Califia is an experience that requires the building of associational worlds in the memory as an active assembling of the reading process. A lack of logical structuring also encourages the reader to look at the text (and to listen to its music.) Aesthetics thereby become part of the reading process. "Beauty is a resistant structure" (Kirschenbaum n.p.), and this means that the reader cannot reduce, analyse or categorize the images. They must be experienced on an emotional level. And like Alzheimer's Disease, aesthetics are a private, personal system--an indecipherable, associational code. The sensory experience of the images and texts-as-images (for the line blurs in a narrative like this) also become part of the voyagings of the plot because the clues are never hierarchical or purely textual. Navigation of the narrative environment ensures physical grounding in the present moment and activates the proprioceptive sense, but the reading of text and image sets a reader adrift in the spatio-temporal dimension.

The dementia inherent in variable space and time is embodied in conflicting memories of the same events and in oral forms of storytelling. Rosalind Summerland, for example, recounts two versions of the shooting of Augusta's father: "One version," she says,

is what I believed at the time and continued to consider the official family account. Another has all the later revelations, the elements that fill in the spaces, answering questions we did not want to ask (North: Point 4).

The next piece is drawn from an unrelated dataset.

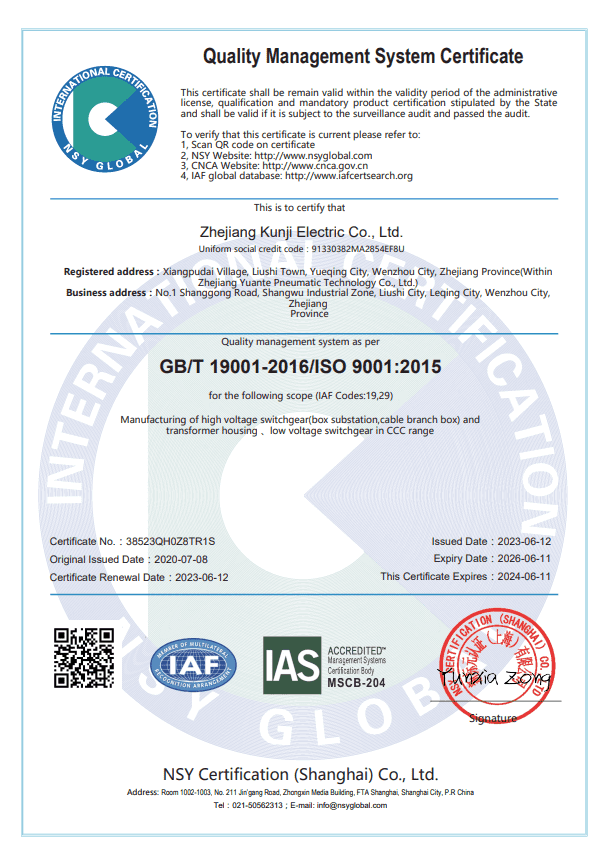 2023年-ISO9001认证02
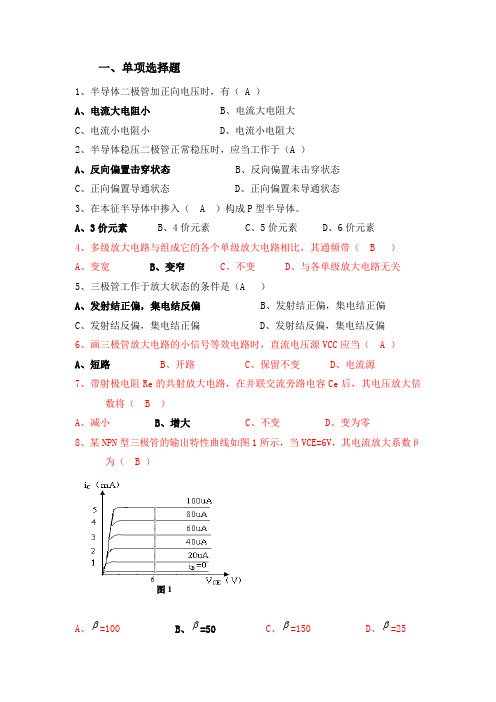 模拟电子试题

All of the family legends evidence the same split: they are "the wishful thinking of a bunch of eccentrics. The treasures might be priceless or worthless depending on your faith in the long shot" (South: Augusta 3). It is significant that Califia is not a history, but instead a genealogy--for a genealogy embraces the personal (Foucault 156). This hypertext privileges the familial and the unofficial, and subjective narratives are contrasted by the presence of official histories and 'objective' perspectives like maps, legal documents and uncensored accounts of the greed and racism that led to the oppression and eventual extinction of the native people known as the Chumash.